城東区鴫野エリアで連棟住宅を所有していると、このまま住み続けるべきか、それとも再建築や売却を考えるべきか悩む場面が増えてきます。
特に、連棟ならではの構造や権利関係の複雑さは、一般的な一戸建てとは事情が異なり、将来の選択肢にも大きく関わります。
本記事では、城東区鴫野に多い連棟住宅の特徴やリスクを整理しながら、再建築の可否を判断するための基準や確認ステップ、さらに再建築が難しい場合の売却の考え方まで、プロの視点から順を追ってわかりやすく解説します。
まずは、ご自身の連棟がどのような状態にあり、どんな可能性があるのかを一緒に整理していきましょう。

城東区鴫野の連棟住宅とは?特徴とリスク

城東区鴫野エリアは、古くからの町並みが残る風情ある地域である一方、戦前や戦後の住宅不足を補うために建てられた木造の長屋や連棟住宅が今も数多く存続しています。JR東西線・おおさか東線や大阪メトロ今里筋線が通る鴫野駅周辺は交通利便性が高い人気エリアですが、一歩路地に入ると細い私道が入り組み、境界線が曖昧な古い建物が密集しているのが現状です。大阪市の空家等対策計画でも、こうした老朽長屋の適切な管理や防犯・防災面の課題が挙げられており、鴫野の歴史を支えてきた一方で、時代の変化とともに適切な維持管理や出口戦略が求められる時期に来ています。

連棟住宅は、外観こそ一戸建てのように見えますが、構造的には隣の家と壁や柱、基礎、さらには屋根の梁などを一体で共有している点に大きな特徴があります。

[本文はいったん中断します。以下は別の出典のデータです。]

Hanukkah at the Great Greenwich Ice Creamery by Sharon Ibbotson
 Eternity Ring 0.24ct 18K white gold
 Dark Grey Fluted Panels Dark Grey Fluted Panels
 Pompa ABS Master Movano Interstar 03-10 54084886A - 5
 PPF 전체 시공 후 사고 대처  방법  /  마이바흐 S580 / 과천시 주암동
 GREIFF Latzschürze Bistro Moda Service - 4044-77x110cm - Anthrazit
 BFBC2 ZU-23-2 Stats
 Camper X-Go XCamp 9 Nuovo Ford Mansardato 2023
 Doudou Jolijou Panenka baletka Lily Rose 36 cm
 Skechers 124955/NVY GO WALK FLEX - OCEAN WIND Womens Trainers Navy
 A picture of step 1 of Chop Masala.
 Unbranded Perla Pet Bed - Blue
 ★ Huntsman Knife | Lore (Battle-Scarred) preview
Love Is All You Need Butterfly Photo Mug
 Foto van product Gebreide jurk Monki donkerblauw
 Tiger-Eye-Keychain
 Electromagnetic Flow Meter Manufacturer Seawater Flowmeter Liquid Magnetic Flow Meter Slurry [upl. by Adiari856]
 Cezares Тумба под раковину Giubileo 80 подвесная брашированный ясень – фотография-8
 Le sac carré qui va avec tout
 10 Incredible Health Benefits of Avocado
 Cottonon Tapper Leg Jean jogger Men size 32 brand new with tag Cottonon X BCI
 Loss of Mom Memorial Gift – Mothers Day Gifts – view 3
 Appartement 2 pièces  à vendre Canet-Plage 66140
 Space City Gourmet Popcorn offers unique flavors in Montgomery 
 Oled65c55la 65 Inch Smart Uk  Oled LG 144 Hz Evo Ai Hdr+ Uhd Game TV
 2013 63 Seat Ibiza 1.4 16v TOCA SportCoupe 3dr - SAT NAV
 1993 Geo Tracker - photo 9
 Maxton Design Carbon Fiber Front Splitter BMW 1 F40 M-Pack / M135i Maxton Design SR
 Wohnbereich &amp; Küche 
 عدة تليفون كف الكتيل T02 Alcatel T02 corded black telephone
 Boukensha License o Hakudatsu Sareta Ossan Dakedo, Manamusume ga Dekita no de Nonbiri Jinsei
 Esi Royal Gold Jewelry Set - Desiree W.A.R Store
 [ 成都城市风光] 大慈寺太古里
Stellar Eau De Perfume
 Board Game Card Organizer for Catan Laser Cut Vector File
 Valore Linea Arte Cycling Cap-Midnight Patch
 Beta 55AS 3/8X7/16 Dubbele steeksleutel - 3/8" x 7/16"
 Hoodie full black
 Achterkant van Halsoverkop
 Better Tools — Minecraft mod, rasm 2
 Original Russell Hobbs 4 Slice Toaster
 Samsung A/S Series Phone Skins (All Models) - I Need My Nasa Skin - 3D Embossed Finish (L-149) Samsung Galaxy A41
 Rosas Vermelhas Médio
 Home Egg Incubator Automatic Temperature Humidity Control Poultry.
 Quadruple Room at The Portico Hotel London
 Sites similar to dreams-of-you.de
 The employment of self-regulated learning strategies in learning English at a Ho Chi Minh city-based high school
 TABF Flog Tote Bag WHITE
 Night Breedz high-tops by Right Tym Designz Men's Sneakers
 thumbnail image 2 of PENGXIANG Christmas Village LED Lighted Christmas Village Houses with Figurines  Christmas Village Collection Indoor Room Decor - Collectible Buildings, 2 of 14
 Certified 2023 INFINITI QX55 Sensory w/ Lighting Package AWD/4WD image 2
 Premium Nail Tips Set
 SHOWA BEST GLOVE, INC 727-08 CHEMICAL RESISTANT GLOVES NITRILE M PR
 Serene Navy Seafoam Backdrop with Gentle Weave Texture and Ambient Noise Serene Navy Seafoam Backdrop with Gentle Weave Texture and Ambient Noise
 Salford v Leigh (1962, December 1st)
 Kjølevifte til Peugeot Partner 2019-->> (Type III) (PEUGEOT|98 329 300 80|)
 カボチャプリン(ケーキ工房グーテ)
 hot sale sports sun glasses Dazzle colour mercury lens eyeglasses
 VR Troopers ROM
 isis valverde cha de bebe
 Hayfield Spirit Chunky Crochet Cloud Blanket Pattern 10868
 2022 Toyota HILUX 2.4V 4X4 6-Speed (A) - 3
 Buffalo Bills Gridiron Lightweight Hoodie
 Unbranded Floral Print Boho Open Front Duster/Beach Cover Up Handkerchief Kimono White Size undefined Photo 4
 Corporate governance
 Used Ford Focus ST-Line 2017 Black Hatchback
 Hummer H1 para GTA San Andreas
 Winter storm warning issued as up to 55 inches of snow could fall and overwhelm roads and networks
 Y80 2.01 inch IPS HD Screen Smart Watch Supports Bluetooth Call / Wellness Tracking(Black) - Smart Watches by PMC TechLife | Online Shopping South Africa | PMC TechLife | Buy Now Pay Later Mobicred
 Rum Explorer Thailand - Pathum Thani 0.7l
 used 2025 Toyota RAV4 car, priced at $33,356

建築基準法上は長屋建住宅に該当し、各住戸の玄関は独立しているものの、左右の界壁が繋がっているため、間口が狭く奥行きが深い縦長の敷地形状になりがちです。これにより、前面と背面の2方向からしか採光や通風を確保できず、中には路地の奥に位置するために、日当たりや通気性の確保に工夫が必要な住戸も少なくありません。このような特殊な構造は、毎日の暮らし心地だけでなく、将来の修繕や建て替えを検討する際の大きなハードルとなります。

特に不動産売買や資産管理の現場でリスクとなるのが、建物の老朽化と空き家化の進行です。長屋や連棟住宅は、1戸が傷むと、雨漏りやシロアリの被害が壁を通じて隣家へ瞬く間に波及してしまいます。さらに、1棟を複数の所有者で分割して持っているため、外壁の補修や屋根の葺き替えといった大規模修繕を行いたくても、隣人との費用負担や工事範囲の合意形成が非常に難航します。万が一、隣の住戸が空き家になって連絡が取れなくなれば、切り離し解体も単独では進められず、売却や再建築の判断はより一層複雑化します。鴫野で連棟住宅を所有されている方は、建物の状態だけでなく、お隣との関係や権利状況を早めに整理しておくことが将来の資産価値を守る第一歩です。

項目 連棟住宅 一般的な一戸建て
建物構造 隣戸と壁・柱・屋根の一部を共有 一棟ごとに完全に独立した構造
所有形態 1棟の建物を複数人で分割所有 建物・土地ともに単独で所有
老朽化の影響 雨漏りや腐朽が隣戸へ波及しやすい 自宅部分のみで影響が収束する
再建築時の調整 隣接所有者の同意や共同解体が必要 法規を満たせば原則として単独判断

連棟住宅の再建築可否を左右する法的な基準

老朽化した連棟住宅を新しく一戸建てに建て替えたいと考えたとき、最初に立ちはだかるのが建築基準法と都市計画法の厳しい規制です。城東区鴫野エリアは、その多くが第一種住居地域や準工業地域などの用途地域に指定されており、それぞれ建ぺい率や容積率の上限が厳格に定められています。さらに重要となるのが、建築基準法第43条に定められた接道義務です。原則として、建築物の敷地は幅員4メートル以上の建築基準法上の道路に、2メートル以上接していなければならないとされています。戦後間もない時期に建てられた長屋の多くは、この現行法を満たしていないことが多く、そのままでは同規模の建て替えが認められない可能性が高いのです。

再建築ができるかどうかの具体的な分岐点となるのが、前面道路の種類と幅員、そして敷地がどのように道路と接しているかです。鴫野の古い住宅街には、車が通れないような狭い路地や、建築基準法上の道路に該当しない通路(私道)が多く見られます。幅員が4メートル未満であっても、特定行政庁から指定を受けた2項道路(みなし道路)であれば、将来の建て替え時に敷地の一部を道路として提供するセットバック(道路後退)を行うことで、再建築自体は認められるケースがあります。しかし、接している通路が単なる私的な通路や、接道間口が1.5メートルしかないような基準未満の状況であれば、いわゆる再建築不可物件として扱われ、単独での解体・新築は法律上不可能となります。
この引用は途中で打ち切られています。